U.S. District Judge Clark Waddoups said it appeared as if the state policy and the ensuing declaration by Utah County was “simply a ruse to avoid having the issue reviewed.”
“What’s the policy reason behind this … that would give assurances that similar prosecutions will not be pursued in the future?” Waddoups asked. “What about the next couple?”
The lawsuit by the Browns does not challenge Utah’s authority to refuse to grant or recognize multiple marriage licenses, only the part of the law that makes it illegal to even purport to be married to multiple partners. The Browns argue that private intimate relationships between consenting adults are constitutionally protected, and they may have a point.
In Lawrence v. Texas the Supreme Court struck down Texas’s sodomy ban, reasoning that intimate sexual relationships are protected by the liberty interest guaranteed by the 14th Amendment.
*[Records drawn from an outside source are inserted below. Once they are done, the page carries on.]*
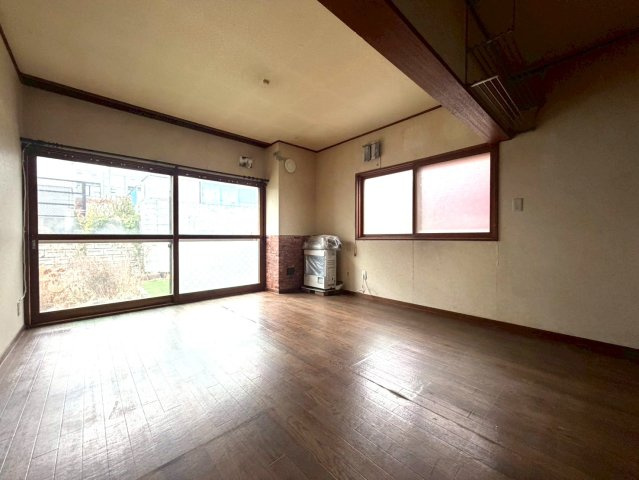 北ノ沢9丁目の居間・リビング|リビング別角度！キッチン・給湯・暖房はプロパンです！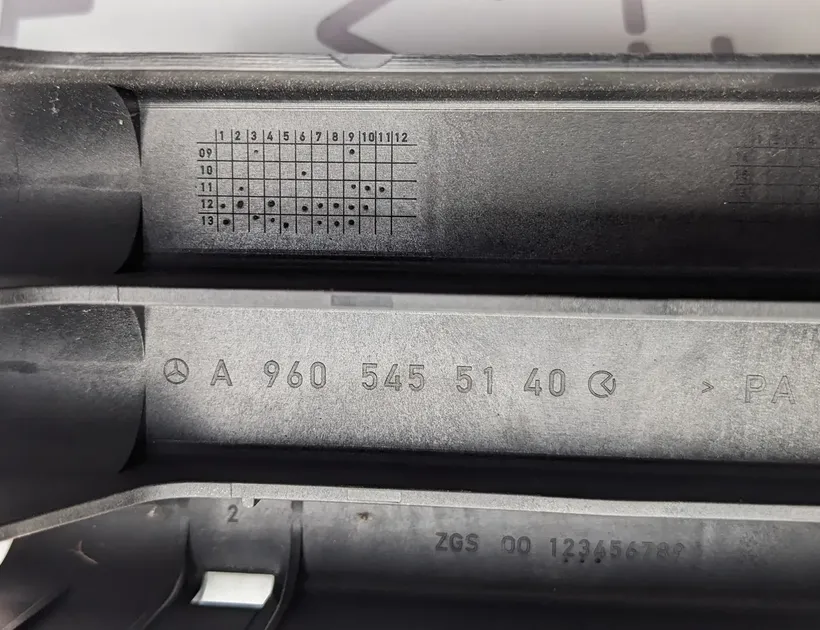 MERCEDES-BENZ ACTROS MP4 (2011-present) Säkringsbox lock 99605455140,A9605455140 31649752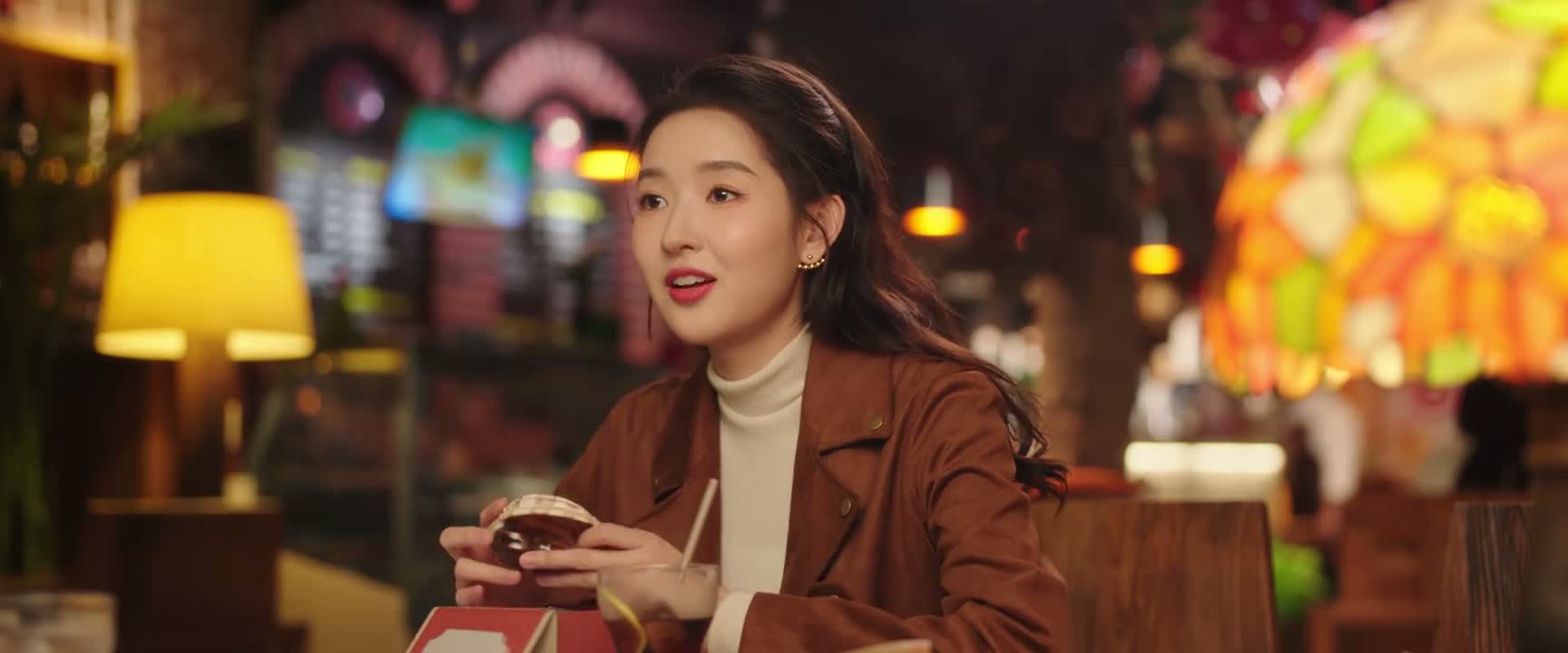 看来伯母已经学着放下了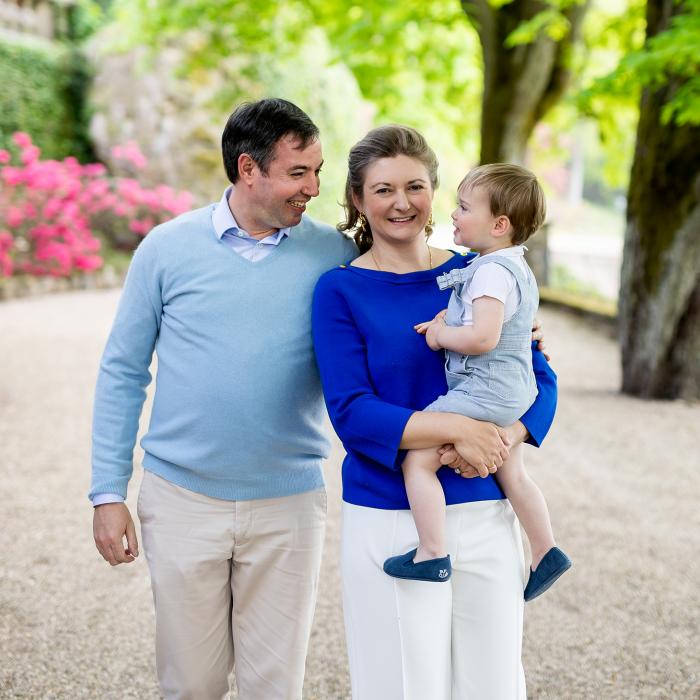 Le Couple Héritier et le Prince Charles en promenade dans les jardins du Château de Fischbach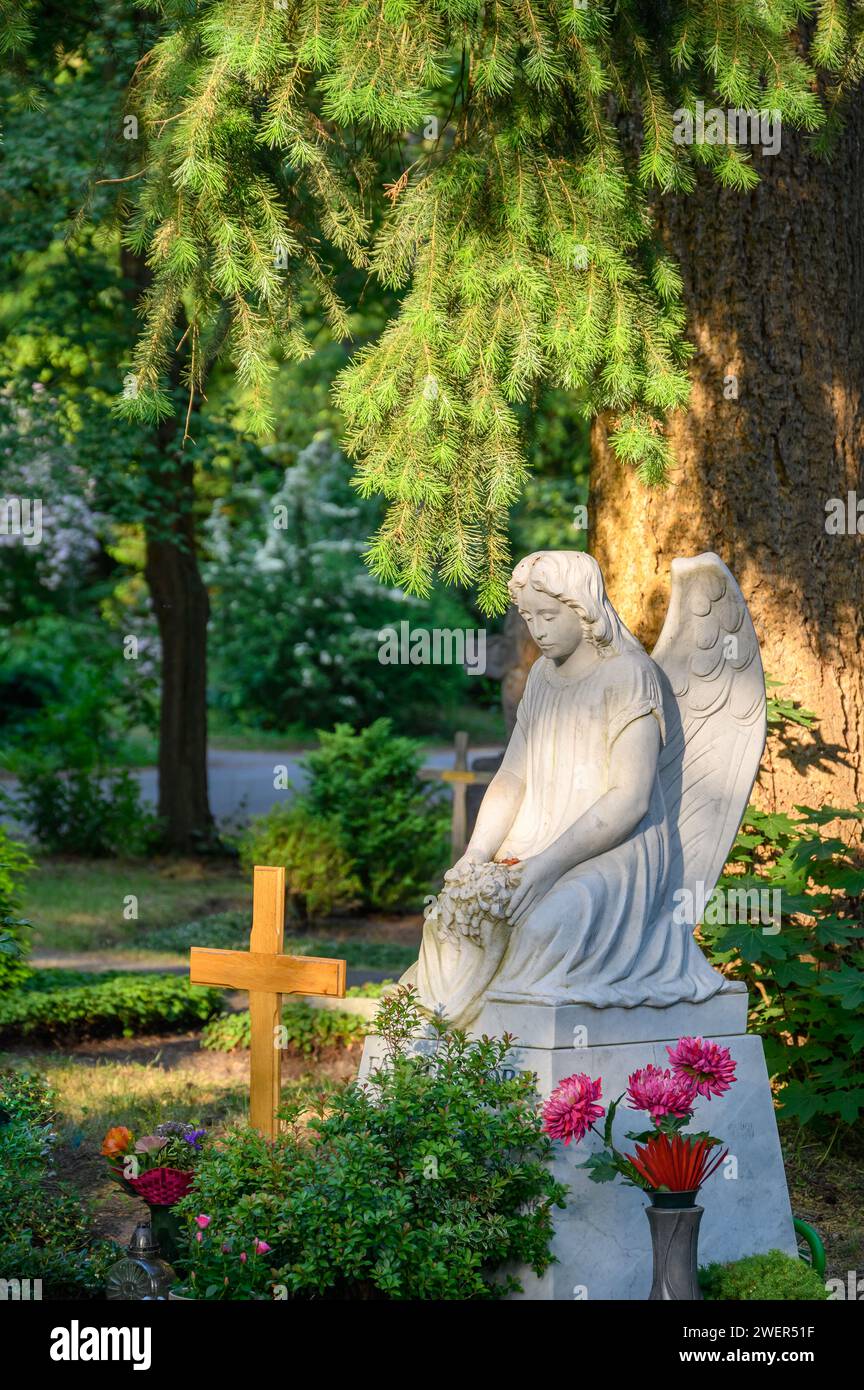 Figura d'angelo seduta al cimitero Foto Stock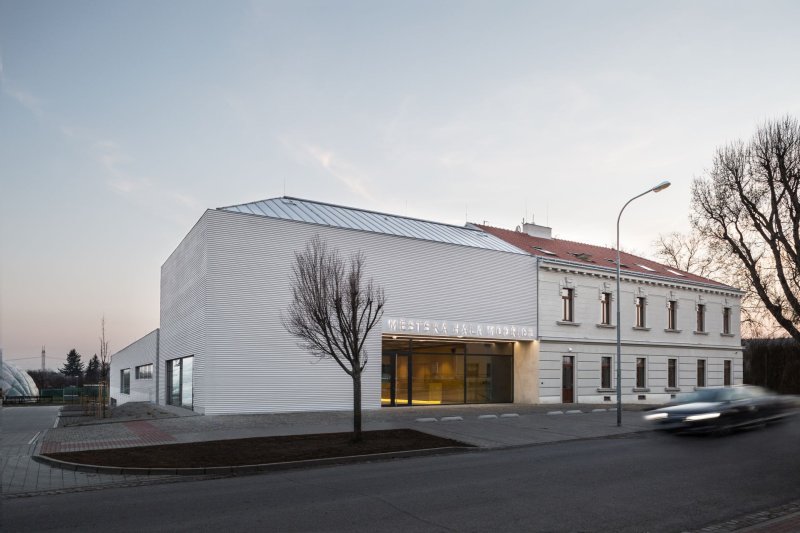 Městská hala Modřice, Atelier bod architekti/ Vojtěch Sosna, Jakub Straka, Jáchym Svoboda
Justice Anthony Kennedy, writing for the majority, ruled that “the State cannot demean [Lawrence and Garner’s] existence or control their destiny by making their private sexual conduct a crime.” Kennedy continued “[t]he statutes do seek to control a personal relationship that, whether or not entitled to formal recognition in the law, is within the liberty of persons to choose without being punished as criminals.” Kennedy also rejected the idea that a history of moral condemnation of homosexual conduct could overcome the constitutional protection, ruling that the majority can not use the state to impose its moral views on sexuality on society as a whole through the operation of criminal law.
As long as polygamous couples aren’t asking for legal recognition of multiple marriage licenses, the same reasoning applied in Lawrence appears to extend to consensual adult polygamous relationships. If same sex couples’ freedom to define personal relationships in the privacy of their homes is constitutionally protected, there is no reason that polygamous couples who also wish to privately define their relationships to each other should not be. And if society’s views on the immorality of homosexual conduct cannot support a ban on sodomy, there is no reason for society’s views on the immorality of polygamy to support a ban on purporting to be married to more than one person.